- [YOUR TASK] Two lines in the data below mark the range: the one with "ELFASIO Vintage Vampire" and the one with "Vintage 80s Two". Return both, along with every line between them, exactly.

- [EXTRACTED MATERIAL]
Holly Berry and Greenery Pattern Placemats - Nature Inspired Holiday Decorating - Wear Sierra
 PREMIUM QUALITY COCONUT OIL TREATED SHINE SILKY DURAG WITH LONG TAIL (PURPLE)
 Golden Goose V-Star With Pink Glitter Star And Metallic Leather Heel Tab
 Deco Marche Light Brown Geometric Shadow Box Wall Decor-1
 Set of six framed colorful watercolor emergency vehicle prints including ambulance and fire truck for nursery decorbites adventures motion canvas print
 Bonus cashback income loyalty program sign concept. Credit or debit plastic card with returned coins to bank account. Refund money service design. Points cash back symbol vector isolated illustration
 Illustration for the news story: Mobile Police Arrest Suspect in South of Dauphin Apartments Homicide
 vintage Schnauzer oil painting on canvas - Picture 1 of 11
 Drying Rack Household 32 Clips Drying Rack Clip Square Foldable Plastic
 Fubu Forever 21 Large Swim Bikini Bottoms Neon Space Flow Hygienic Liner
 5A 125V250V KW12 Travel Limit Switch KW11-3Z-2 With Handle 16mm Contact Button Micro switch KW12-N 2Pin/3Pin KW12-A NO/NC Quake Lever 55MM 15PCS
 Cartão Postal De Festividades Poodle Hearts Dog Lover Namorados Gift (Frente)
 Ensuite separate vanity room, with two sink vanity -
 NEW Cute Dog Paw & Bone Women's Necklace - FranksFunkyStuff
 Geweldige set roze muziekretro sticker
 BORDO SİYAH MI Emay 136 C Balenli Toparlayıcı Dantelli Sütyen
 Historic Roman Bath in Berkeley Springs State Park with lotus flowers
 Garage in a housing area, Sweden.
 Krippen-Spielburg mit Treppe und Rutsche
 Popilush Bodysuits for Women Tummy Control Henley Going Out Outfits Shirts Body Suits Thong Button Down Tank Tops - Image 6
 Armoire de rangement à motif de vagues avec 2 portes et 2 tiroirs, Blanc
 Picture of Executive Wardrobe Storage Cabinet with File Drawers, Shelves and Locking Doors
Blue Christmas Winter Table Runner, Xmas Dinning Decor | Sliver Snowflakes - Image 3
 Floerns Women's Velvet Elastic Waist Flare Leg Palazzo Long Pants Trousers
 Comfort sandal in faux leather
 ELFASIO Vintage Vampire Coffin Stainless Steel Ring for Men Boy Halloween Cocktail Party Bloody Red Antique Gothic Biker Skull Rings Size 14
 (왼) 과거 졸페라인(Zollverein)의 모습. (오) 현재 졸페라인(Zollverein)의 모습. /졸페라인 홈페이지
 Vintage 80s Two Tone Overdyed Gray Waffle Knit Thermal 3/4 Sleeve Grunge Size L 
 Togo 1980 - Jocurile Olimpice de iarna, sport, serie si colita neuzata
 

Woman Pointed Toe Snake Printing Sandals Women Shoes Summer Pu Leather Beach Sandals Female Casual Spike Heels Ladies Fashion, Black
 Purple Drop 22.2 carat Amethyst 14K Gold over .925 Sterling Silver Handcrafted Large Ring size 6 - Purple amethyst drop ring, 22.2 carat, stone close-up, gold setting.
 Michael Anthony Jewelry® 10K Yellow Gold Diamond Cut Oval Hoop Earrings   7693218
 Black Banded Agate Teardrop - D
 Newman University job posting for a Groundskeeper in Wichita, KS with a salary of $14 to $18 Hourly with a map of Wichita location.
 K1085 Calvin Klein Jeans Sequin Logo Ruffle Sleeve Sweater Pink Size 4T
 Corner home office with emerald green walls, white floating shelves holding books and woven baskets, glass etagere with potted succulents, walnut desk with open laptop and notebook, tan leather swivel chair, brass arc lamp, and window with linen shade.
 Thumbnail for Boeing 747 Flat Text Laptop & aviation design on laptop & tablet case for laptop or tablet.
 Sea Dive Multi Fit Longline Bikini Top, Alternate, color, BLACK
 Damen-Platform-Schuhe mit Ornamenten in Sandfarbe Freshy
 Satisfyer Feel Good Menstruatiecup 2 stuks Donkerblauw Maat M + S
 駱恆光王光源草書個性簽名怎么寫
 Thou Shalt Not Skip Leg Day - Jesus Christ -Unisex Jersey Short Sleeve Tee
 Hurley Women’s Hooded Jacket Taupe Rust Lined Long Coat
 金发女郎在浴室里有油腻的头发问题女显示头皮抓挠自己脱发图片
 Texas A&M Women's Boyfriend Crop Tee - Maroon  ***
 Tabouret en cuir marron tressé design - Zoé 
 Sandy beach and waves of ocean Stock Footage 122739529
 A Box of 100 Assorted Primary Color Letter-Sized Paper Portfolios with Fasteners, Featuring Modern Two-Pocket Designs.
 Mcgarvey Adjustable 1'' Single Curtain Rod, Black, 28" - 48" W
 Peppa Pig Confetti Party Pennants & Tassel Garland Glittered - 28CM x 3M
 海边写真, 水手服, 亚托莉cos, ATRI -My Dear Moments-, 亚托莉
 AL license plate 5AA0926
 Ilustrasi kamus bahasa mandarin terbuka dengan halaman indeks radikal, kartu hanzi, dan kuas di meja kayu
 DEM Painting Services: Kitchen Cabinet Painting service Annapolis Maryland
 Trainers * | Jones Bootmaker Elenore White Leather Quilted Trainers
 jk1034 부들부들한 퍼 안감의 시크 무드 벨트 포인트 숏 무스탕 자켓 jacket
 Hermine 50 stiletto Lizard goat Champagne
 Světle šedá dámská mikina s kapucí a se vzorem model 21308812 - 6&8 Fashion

- [ANSWER BOX]
 ELFASIO Vintage Vampire Coffin Stainless Steel Ring for Men Boy Halloween Cocktail Party Bloody Red Antique Gothic Biker Skull Rings Size 14
 (왼) 과거 졸페라인(Zollverein)의 모습. (오) 현재 졸페라인(Zollverein)의 모습. /졸페라인 홈페이지
 Vintage 80s Two Tone Overdyed Gray Waffle Knit Thermal 3/4 Sleeve Grunge Size L 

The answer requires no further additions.